• _Task to carry out_:
With pictures removed, print the listing exactly.

• _Information supplied_:
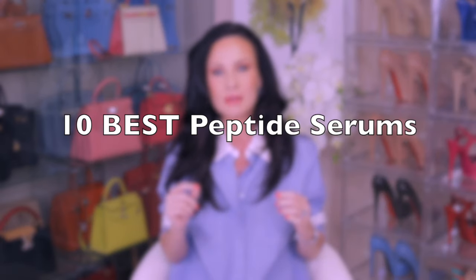But today I'm giving you a shortcut: the absolute 10 best peptide serums on the market today. And yes, some of them are actually quite affordable. Hi, I'm Desi Stark, and I have been experimenting with luxury skincare, beauty products, and fashion products for the last 25 years of my life. I'm also an SVP in finance.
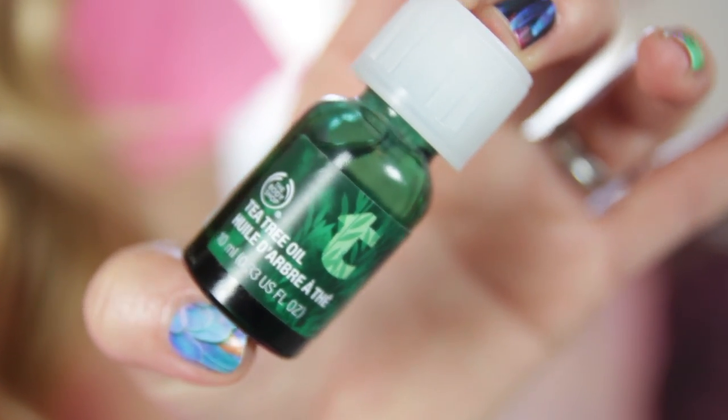This one is from The Body Shop, which is my favourite because it is fair trade and organic. It's really inexpensive, and this little pot will last you for absolutely ages. Not only can you use it on spots, but because it is a great natural antibacterial oil, you can actually use it to disinfect things as well.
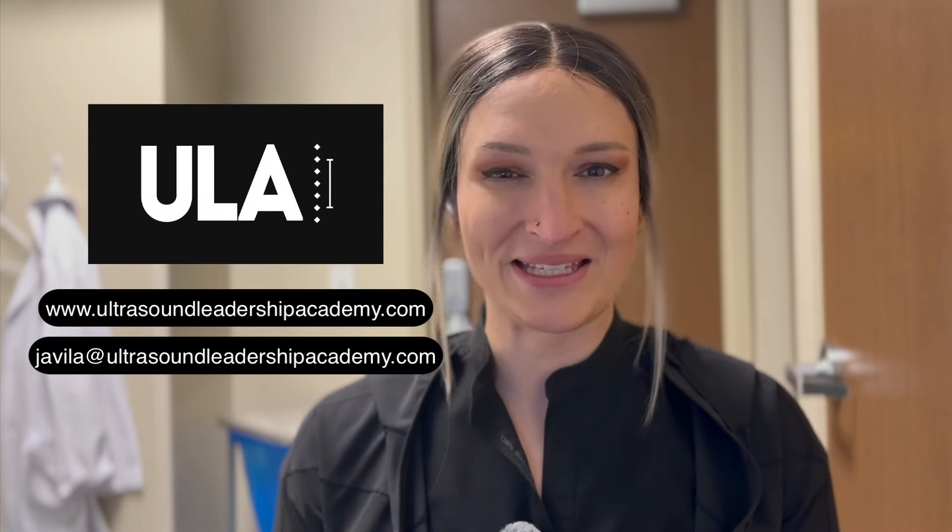I hope that episode of the Ultrasound Leadership Academy image review was helpful. I'm very passionate about musculoskeletal ultrasound, and I think it's helpful for our patients as well. I definitely recommend learning it. Don't forget to check out ultrasoundleadershipacademy.com. Happy scanning.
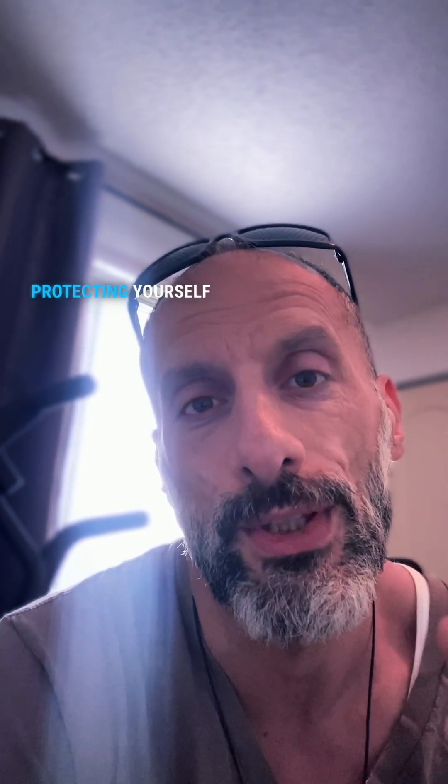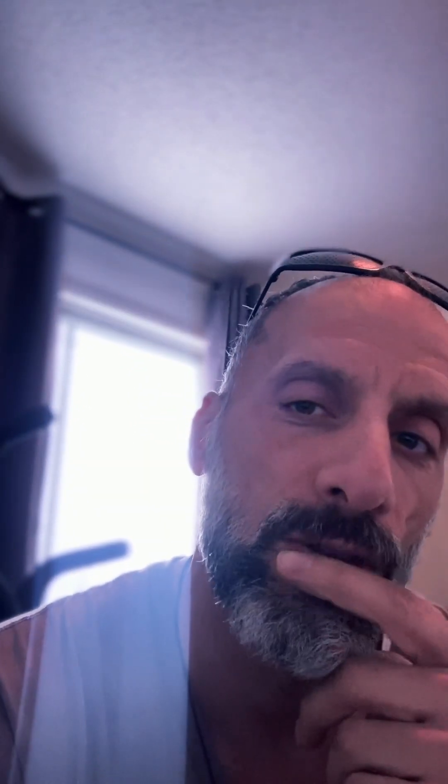Make informed choices for your health. Your body deserves better than hidden mold toxins. If you want to learn more about protecting yourself from hidden food chemicals, follow for more. Cheers.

• _Reply to the exercise_:
But today I'm giving you a shortcut: the absolute 10 best peptide serums on the market today. And yes, some of them are actually quite affordable. Hi, I'm Desi Stark, and I have been experimenting with luxury skincare, beauty products, and fashion products for the last 25 years of my life. I'm also an SVP in finance.
This one is from The Body Shop, which is my favourite because it is fair trade and organic. It's really inexpensive, and this little pot will last you for absolutely ages. Not only can you use it on spots, but because it is a great natural antibacterial oil, you can actually use it to disinfect things as well.
I hope that episode of the Ultrasound Leadership Academy image review was helpful. I'm very passionate about musculoskeletal ultrasound, and I think it's helpful for our patients as well. I definitely recommend learning it. Don't forget to check out ultrasoundleadershipacademy.com. Happy scanning.
Make informed choices for your health. Your body deserves better than hidden mold toxins. If you want to learn more about protecting yourself from hidden food chemicals, follow for more. Cheers.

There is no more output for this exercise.